_Exercise instructions:_
Word for word, copy the records and drop the pictures.

[[ Records for this exercise open ]]

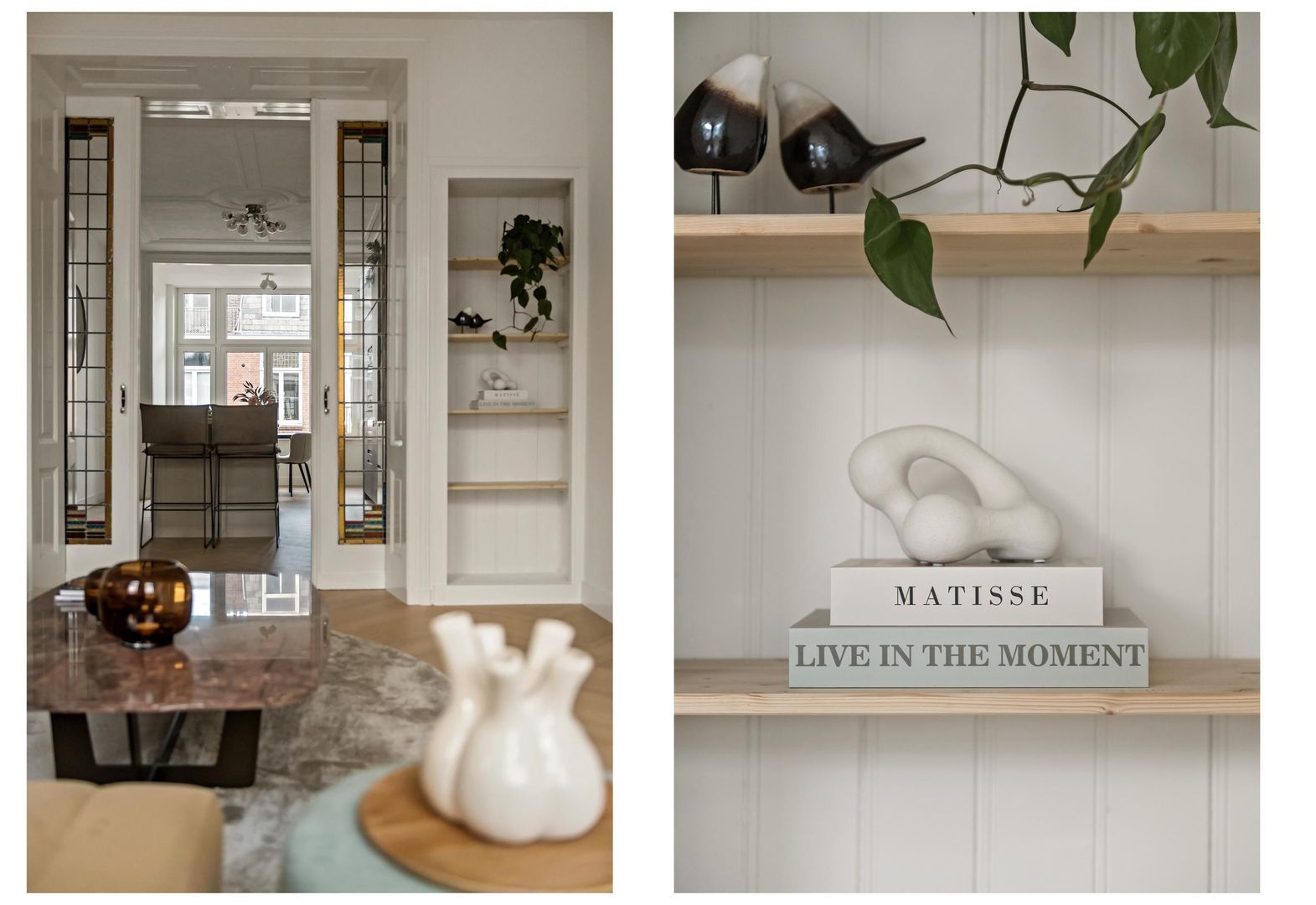 Archimedesstraat 77, Den Haag foto-9 blur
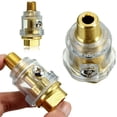 thumbnail image 3 of Lubricador De Engrasador Automático, Herramienta De Lubricación Neumática, Accesorios De Tubería De Compresor, Mini Conector De Engrase, Equipo De Unidades Noticed VI005738-00, 3 of 6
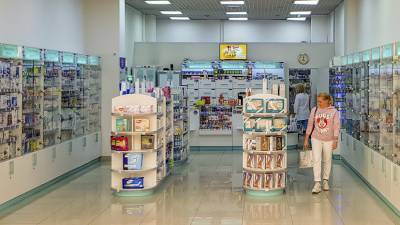 В Ассоциации независимых аптек напомнили об особенностях противовирусных препаратов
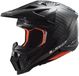 LS2 MX703 C X-Force Gloss Carbon - Taille 2XL - Casque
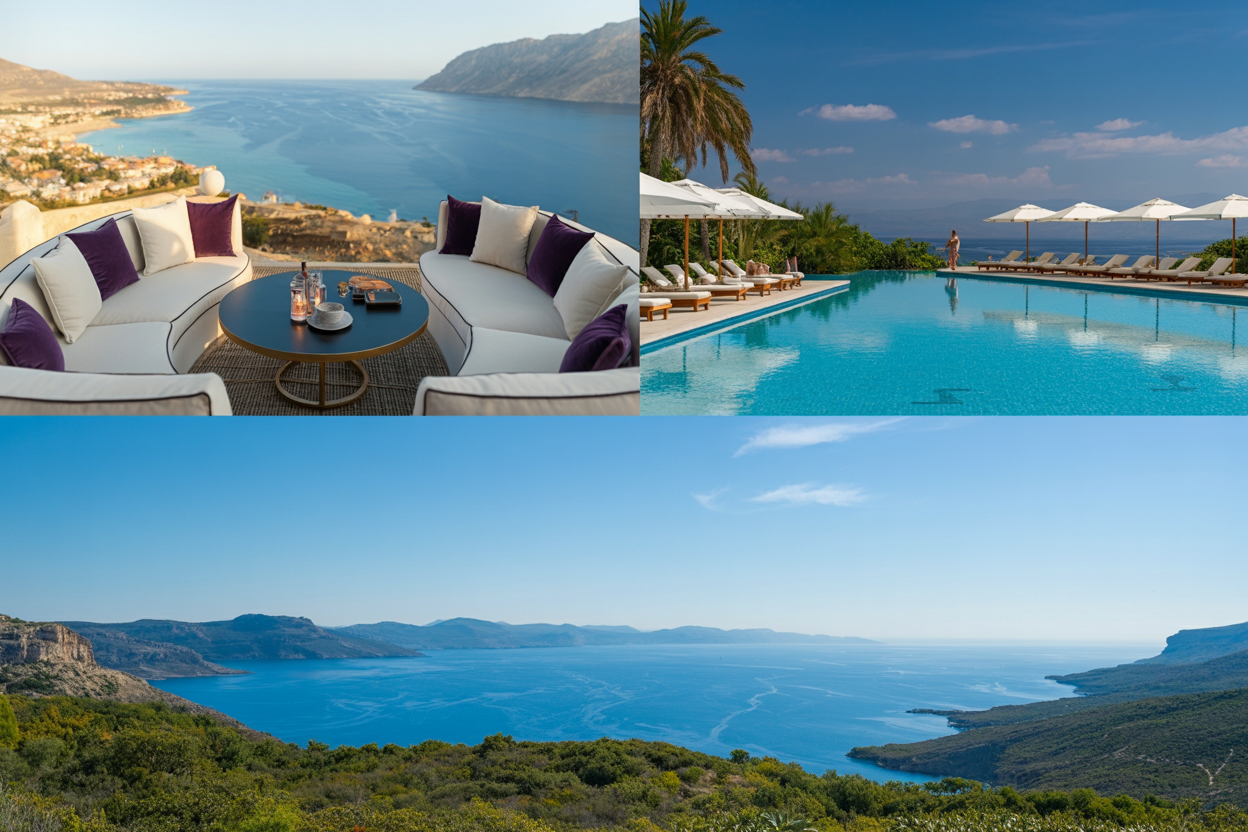 Bespoke Travel Agents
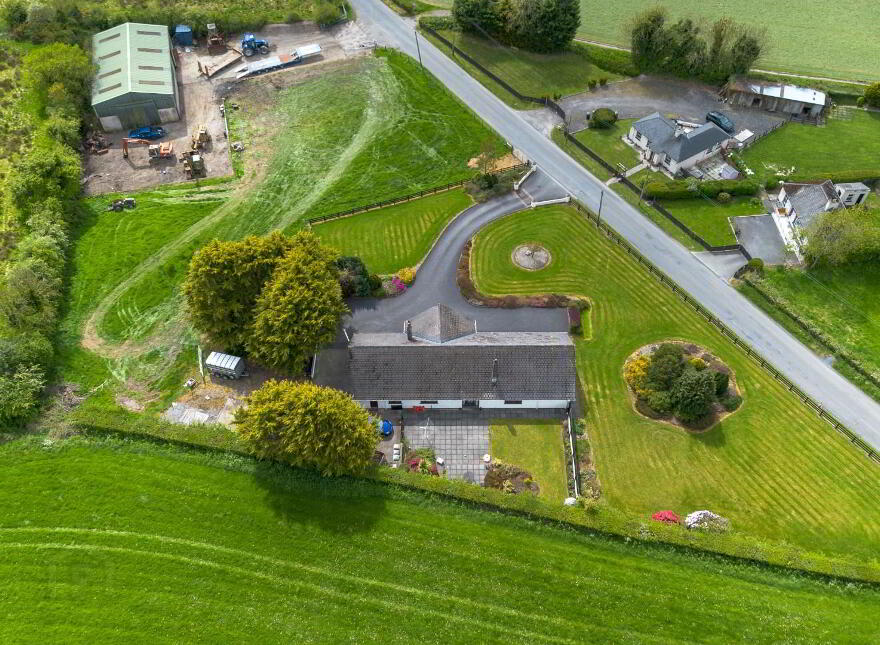 48 Katesbridge Road, Dromara, Dromore, BT25 2PN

[[ Records for this exercise closed ]]

_Answer for the task:_
 Archimedesstraat 77, Den Haag foto-9 blur
 thumbnail image 3 of Lubricador De Engrasador Automático, Herramienta De Lubricación Neumática, Accesorios De Tubería De Compresor, Mini Conector De Engrase, Equipo De Unidades Noticed VI005738-00, 3 of 6
 В Ассоциации независимых аптек напомнили об особенностях противовирусных препаратов
 LS2 MX703 C X-Force Gloss Carbon - Taille 2XL - Casque
 Bespoke Travel Agents
 48 Katesbridge Road, Dromara, Dromore, BT25 2PN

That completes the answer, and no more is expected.